80% in informal employment have no written contract

Informal jobs mean vulnerability, lower wages, no social security: NSSO

Updated - December 04, 2021 11:27 pm IST - NEW DELHI

Nearly three out of four people working in the non-agricultural sector in India are in informal jobs, new data from the National Sample Survey Office (NSSO) shows.

Eighty per cent of these informal sector employees have no written contract and 72 per cent get no social security benefits, according to this data.

 The NSSO’s 68th round looked at the ‘Informal Sector and Conditions of Employment in India’ for 2011-12, by conducting a nationally representative household-level sample survey. It looked at both rural and urban areas, but excluded crop-based farming, covering just over half of India’s workforce as a result.

 In 2013, Credit Suisse economists Neelkanth Mishra and Ravi Shankar estimated India’s informal economy at 90 per cent of all employment and half of total GDP. They estimated informal employment in the non-farm sector at 84 per cent, substantially higher than the NSSO’s estimate. Only sub-Saharan Africa had a comparable extent of informalisation.

WORKING OFF THE RADAR
A major chunk of non-agricultural labour is engaged in the informal sector that consist of jobs without written contract, not monitored by govt.

 Seventy-two per cent of this workforce was in the informal sector, the NSSO found, with the proportion being higher in rural than urban India. Nearly all of the self-employed — the largest component of the workforce — are in informal jobs, while over 40 per cent of those in regular or salaried jobs are also in informal work arrangements.

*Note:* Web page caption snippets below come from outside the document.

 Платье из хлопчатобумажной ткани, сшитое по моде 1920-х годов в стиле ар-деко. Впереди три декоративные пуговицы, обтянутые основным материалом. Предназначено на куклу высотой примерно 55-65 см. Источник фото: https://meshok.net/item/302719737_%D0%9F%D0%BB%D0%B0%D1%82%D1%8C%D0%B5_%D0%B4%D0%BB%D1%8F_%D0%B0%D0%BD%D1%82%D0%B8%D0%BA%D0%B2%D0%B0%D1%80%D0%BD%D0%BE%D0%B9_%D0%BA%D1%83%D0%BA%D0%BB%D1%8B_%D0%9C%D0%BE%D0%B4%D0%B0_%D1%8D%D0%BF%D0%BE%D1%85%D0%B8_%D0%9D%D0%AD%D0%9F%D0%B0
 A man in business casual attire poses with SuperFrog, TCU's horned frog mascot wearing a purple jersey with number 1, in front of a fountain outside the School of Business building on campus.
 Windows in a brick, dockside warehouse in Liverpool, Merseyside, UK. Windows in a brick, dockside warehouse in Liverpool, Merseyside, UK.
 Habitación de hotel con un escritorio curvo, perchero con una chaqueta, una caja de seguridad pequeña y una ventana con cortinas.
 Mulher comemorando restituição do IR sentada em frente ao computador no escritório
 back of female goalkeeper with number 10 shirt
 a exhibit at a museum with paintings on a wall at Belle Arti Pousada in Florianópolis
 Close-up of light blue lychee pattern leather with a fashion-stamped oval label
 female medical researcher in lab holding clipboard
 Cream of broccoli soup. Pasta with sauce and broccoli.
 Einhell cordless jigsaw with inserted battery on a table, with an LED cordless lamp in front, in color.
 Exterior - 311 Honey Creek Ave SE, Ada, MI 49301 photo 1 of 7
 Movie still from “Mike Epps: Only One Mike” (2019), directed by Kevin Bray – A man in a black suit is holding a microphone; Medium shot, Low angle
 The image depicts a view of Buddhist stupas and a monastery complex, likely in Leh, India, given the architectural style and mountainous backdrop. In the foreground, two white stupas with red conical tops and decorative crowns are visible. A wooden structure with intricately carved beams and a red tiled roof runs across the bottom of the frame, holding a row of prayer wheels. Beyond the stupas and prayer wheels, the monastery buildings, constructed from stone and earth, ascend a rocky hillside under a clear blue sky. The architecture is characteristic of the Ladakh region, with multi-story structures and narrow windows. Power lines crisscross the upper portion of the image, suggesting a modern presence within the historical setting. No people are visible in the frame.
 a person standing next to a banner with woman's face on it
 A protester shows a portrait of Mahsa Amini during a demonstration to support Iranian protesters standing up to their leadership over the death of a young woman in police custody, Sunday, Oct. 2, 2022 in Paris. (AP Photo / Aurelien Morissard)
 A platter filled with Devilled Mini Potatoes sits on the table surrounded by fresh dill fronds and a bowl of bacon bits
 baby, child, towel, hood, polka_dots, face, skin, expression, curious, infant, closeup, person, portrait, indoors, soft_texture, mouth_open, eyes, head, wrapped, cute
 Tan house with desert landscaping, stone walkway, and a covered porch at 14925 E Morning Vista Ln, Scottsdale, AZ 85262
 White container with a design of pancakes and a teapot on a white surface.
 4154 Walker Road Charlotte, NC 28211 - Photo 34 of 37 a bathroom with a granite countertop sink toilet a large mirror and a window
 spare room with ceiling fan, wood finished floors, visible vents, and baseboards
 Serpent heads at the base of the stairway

In real terms, informal jobs mean vulnerability, the numbers indicate. Of those in the informal sector, 42 per cent were in temporarily employment.

Wages were lower in the informal sector; while regular/ salaried employees earned Rs 401 per day, those in the informal sector earned Rs 225 per day. 

Nearly 80 per cent of all informal sector workers had no written contracts, 70 per cent got no paid leave and 72 per cent got no social security benefits. Eighty per cent were not members of any union or association.

 Informalisation — the proportion of informal workers to total workers — has fallen significantly since 2004-5 though the 2009-10 data showed a slight rise, the NSSO says.

Manufacturing, construction, wholesale and retail trade, transportation and storage were the main sectors employing informal workers, the NSSO found.

Most enterprises hiring informal workers are tiny; three-quarters of all informal workers are in enterprises of less than six persons, the data shows.

 Among the States, Punjab, Uttar Pradesh and West Bengal had the highest proportion of informal workers, and the north-eastern States, Himachal Pradesh and Goa the lowest.